Cayó al suelo una cosa exquisita, una cosa pequeña que podía destruir todos los equilibrios, derribando primero la línea de un pequeño dominó, y luego de un gran dominó, y luego de un gigantesco dominó, a lo largo de los años, a través del tiempo. La mente de Eckels giró sobre si misma. La mariposa no podía cambiar las cosas. Matar una mariposa no podía ser tan importante. ¿Podía? (El ruido de un trueno - Ray Bradbury)

El héroe de una nación es el asesino de otra

Por uno u otro motivo, los seres humanos tendemos a tratar de justificar todas nuestras acciones. Cuando hallamos esa idea, esos valores nos aferramos a ellos pues sentimos que son los pilares sobre los cuales hemos construido la mayor parte de nuestras vidas. Por ellos creamos, destruimos, obedecemos y matamos. Por ellos morimos y vemos morir a nuestros seres queridos. Por ellos, en fin, vivimos.

Tenemos que creer que son verdaderos y universalmente válidos para justificar su imposición a otros pueblos. Tenemos que creerlo, para no sentirnos otra tribu de salvajes, de ladrones, de asesinos. Creemos verdaderamente y en pos de aquellas ideas y valores realizamos atrocidades inimaginables. Cuando nuestra conciencia nos pregunta solo respondemos tímidamente y con las esperanzas de tener razón, agachamos la cabeza y seguimos adelante. Cuando la historia nos pregunta, hablamos de tradiciones, pasados gloriosos y valores perpetuos, miramos al costado y seguimos adelante. Cuando nuestros hijos nos preguntan no sabemos que decir, pues es más difícil engañarlos a ellos que a nuestra propia conciencia. Debemos creer en estas ideas y valores, pues diariamente disfrutamos de los frutos de las acciones que justifican. Debemos creer en ellos, pues hacemos cómplices a nuestros hijos cuando ellos disfrutan aquellos frutos.

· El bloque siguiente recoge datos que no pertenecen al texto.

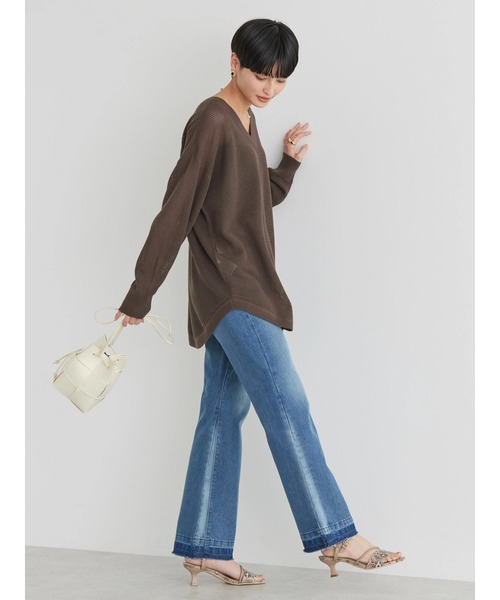 AMERICAN HOLIC（アメリカンホリック）の「2WAY透かし編みニットチュニック（チュニック・レディース・ブラウン/オフホワイト/チャコールグレー・L/M）」の4枚目の写真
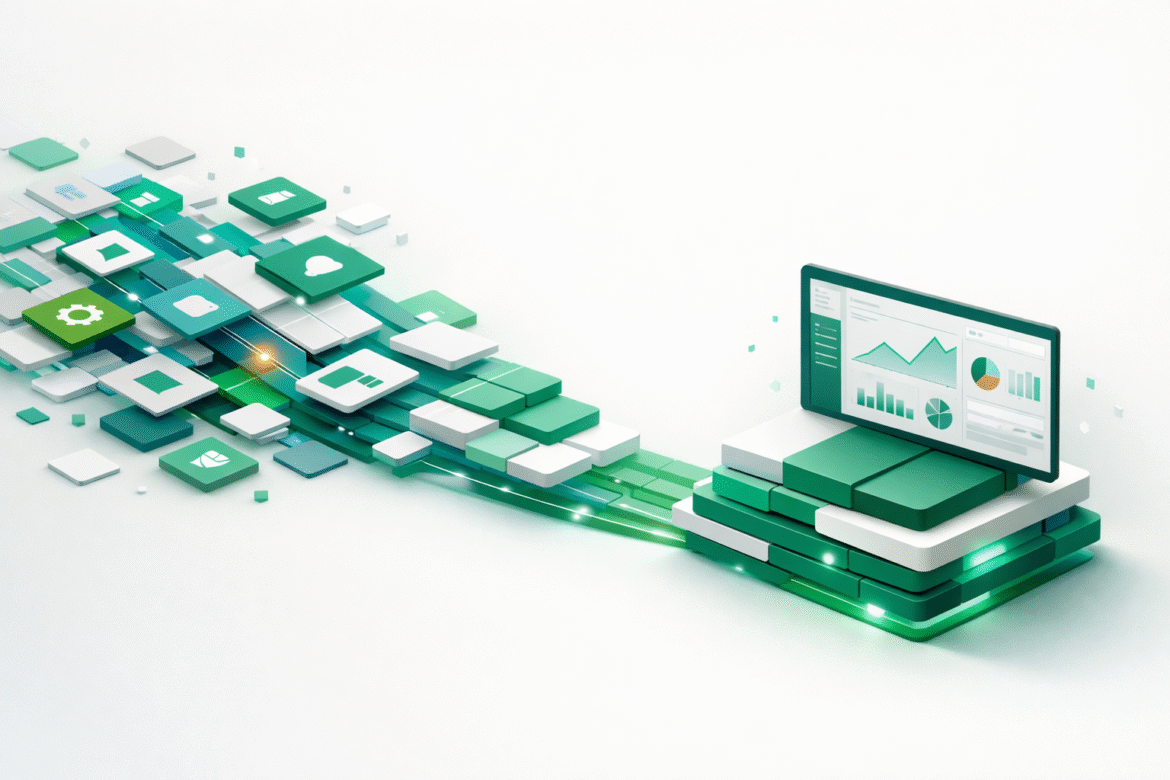Isometric abstract illustration of taming AI tool sprawl for small business — scattered app tiles consolidating into one governed stack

Nos aferramos irrazonablemente a ellos cuando descubrimos que otros pueblos tienen otras ideas, negándonos caprichosamente a considerarlas. Temiendo que la menor duda sobre las nuestras nos obligue a enfrentar la más atroz de las verdades y nos deje desprotegidos ante aquellas preguntas que hace poco contestábamos acabadamente. Al contrario, reforzamos nuestras creencias y nos volvemos cada vez más intolerantes hacia las menores divergencias. Castigamos con dureza lo diferente para poder seguir durmiendo tranquilos. Vivimos una mentira y somos demasiado cobardes como para enfrentarla y hacernos, finalmente, responsables de nuestras acciones y de las de nuestros padres.